The first proposals for a railway to Guimarães were for the "CF Americano" in 1871, which would have linked Porto to Santo Tirso, Guimarães and Braga. The route would have followed the nationally maintained Royal Roads 32 and 27, but the scheme was unrealistic, and no progress was made. However, on 28 December 1872, an alternative was proposed, which would follow the Ave valley, and a concession to carry out surveys and construct the line was granted. The Linha do Minho, a broad gauge railway running northwards along the foothills and crossing the Ave River near Trofa had recently been opened, and the proposal was for a metre-gauge line which would diverge from the Linha do Minho near the river bridge and follow the valley eastwards to Guimarães, with a branch onwards to Fafe.

The government hoped that private enterprise would be keen to develop the railway network in the north of the country, but the remoteness of the regions on offer resulted in most entrepreneurs declining to proceed. The line to Guimarães was an exception, and an English company, the Minho District Railway Company, agreed to build the railway, with the concession being assigned to them on 18 February 1875. The company issued 26,000 shares, valued at £10 sterling each, of which most were bought be English investors, but Portuguese speculators bought 6,600 shares. The section from Guimarães to Fafe was expected to be difficult to construct, so the plans were amended to terminate at Guimarães, and to build the line as a broad-gauge railway, rather than metre-gauge. A contractor called Sandiforth Griffin started the work, but was soon replaced by John Dixon, who claimed to have completed the line to Santo Tirso, some 6 km from the Ave bridge, in 1878, but the work was far from complete, and the Portuguese shareholders accused the company of deliberately defrauding them.

They then petitioned the Ministry of Public Works, succeeded in obtaining new powers to build a broad gauge line from Bougado to Guimarães, and the English company was declared to have defaulted on the project, allowing a new company to take over its assets. The Companhia de Guimarães was constituted in May 1880, and decided that a metre gauge railway was more appropriate given the terrain. They were granted a new concession on 18 August 1880, and a contract to construct the railway was awarded to Domingo Busquets of Barcelona in 1881. Despite optimism that the line would be open to Vizela by August 1882, the project was delayed by disputes with the English contractors, and Vizela was reached at the end of the year. It was not until 3 December 1883 that agreement was reached with the Estado, operators of the Minho line, for the junction at Lousada on the north bank of the Ave near Trofa.
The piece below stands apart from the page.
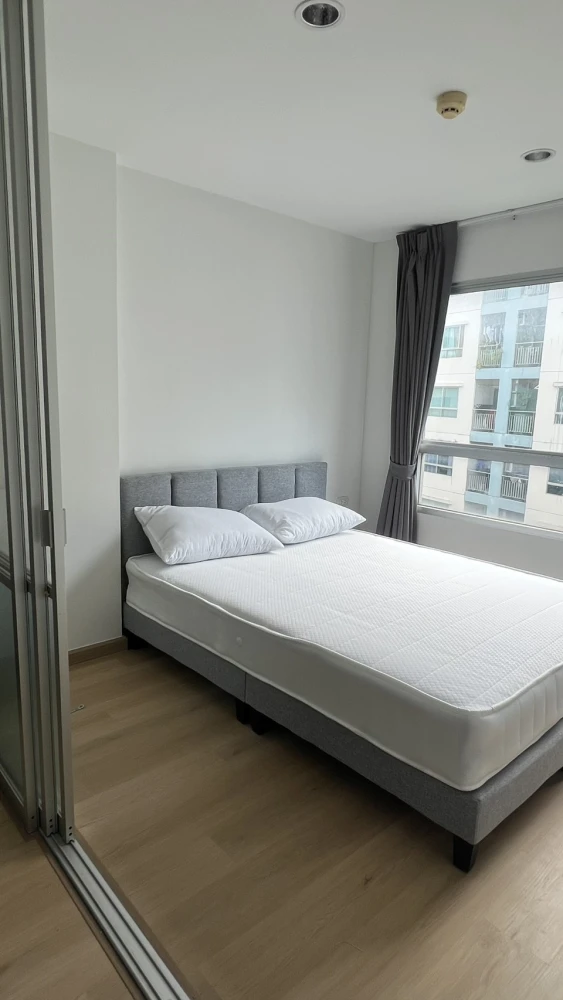 ขาย Lumpini Ville On Nut–Phatthanakan ชั้น 6 ห้องแต่งครบ พร้อมเข้าอยู่ รีบจองเลย ก่อนพลาด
An official opening for this section was held on 31 December 1883, when a party of people travelled from Porto Campanha station on a broad gauge train. At Trofa they changed to a narrow-gauge train, which ran along the mixed-gauge track to Lousado, arriving there at precisely 9:00am. The train continued along the new narrow gauge track, stopping at Santo Tirso, Negrellos, Lordelo and finally Vizela, where celebrations were held. The public opening took place on 1 January 1884, and the line was completed through to Guimarães on 14 April 1884. Anticipating that traffic would expand, the company bought a further two locomotives, ten coaches and 15 wagons during 1884 and 1885, with one of the locomotives arriving early enough to be used on the first train to Guimarães. There were some teething problems, with the company complaining to the contractor about the quality of the workmanship. A turntable was installed at Trofa soon afterwards, and because receipts were good, the company had enough money to build several carriage sheds, goods sheds and loading docks along the line. Their main workshop was based at Lousado.

===Expansion===
Unlike most of the other narrow gauge lines in Portugal, the Guimarães line was profitable, and generated sufficient income to regularly pay its shareholders a dividend of five to six percent. Fafe was around 22 km to the east of Guimarães, and they started to plan an extension to the town. The first concession for the work was agreed in 1891, and on 1 August 1899 a final version was approved. The national plan for railways north of the Mondego River envisaged an extension even further, to Moneira de Rei and Cavez. Meanwhile, the company introduced a rolling programme of upgrading the track using heavier rails, as the originals were found to be too light. The mixed-gauge section was the first to benefit, in 1893, and the company managed to obtain some 1,500 lengths of nearly new rail together with 16 wagons from the CF de Torres Novas à Alcanena when it closed. Guimarães station was improved, with the construction of a quarter roundhouse for the locomotives and a large shed for the carriages. By 1898, the company had managed to cut its operating coefficient to just 31 percent, a figure so extraordinarily low that it received approving comment in the newspapers.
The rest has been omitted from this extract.